### Exercise
Repeat the listing exactly. Do not carry over any pictures.

### Given information
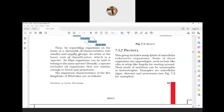Their mode of nutrition is either autotrophic - example Euglena - or heterotrophic - example Paramecium. Examples include unicellular algae (Euglena), diatoms (Navicula), and protozoans (Amoeba and Paramecium).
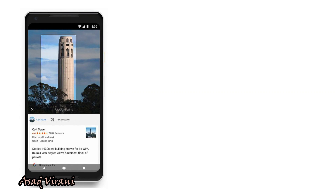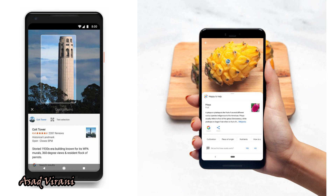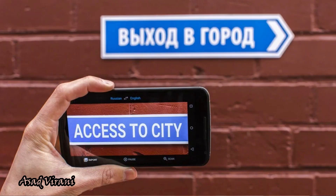Simply point your camera at a famous monument, some fruits, or even some foreign language text, and see how well Google helps you — whether to recognize the monument, identify the fruit, or even translate the text into your language on the go.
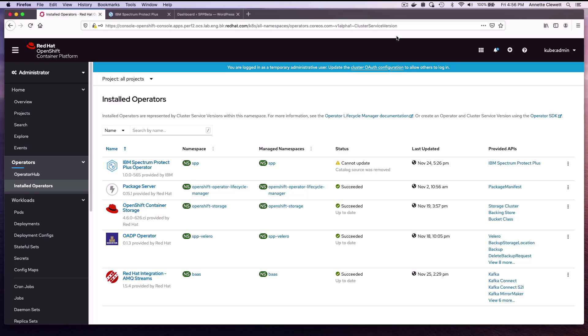This demo is going to show how you can use IBM Spectrum Protect Plus along with OpenShift Container Storage, which are the operators on OpenShift Container Platform, to backup and recover both persistent data and metadata or project resource data.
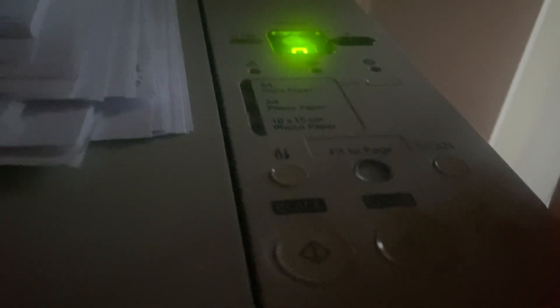After that, your printer will automatically turn off. Here you can see it.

### Result for this exercise
Their mode of nutrition is either autotrophic - example Euglena - or heterotrophic - example Paramecium. Examples include unicellular algae (Euglena), diatoms (Navicula), and protozoans (Amoeba and Paramecium).
Simply point your camera at a famous monument, some fruits, or even some foreign language text, and see how well Google helps you — whether to recognize the monument, identify the fruit, or even translate the text into your language on the go.
This demo is going to show how you can use IBM Spectrum Protect Plus along with OpenShift Container Storage, which are the operators on OpenShift Container Platform, to backup and recover both persistent data and metadata or project resource data.
After that, your printer will automatically turn off. Here you can see it.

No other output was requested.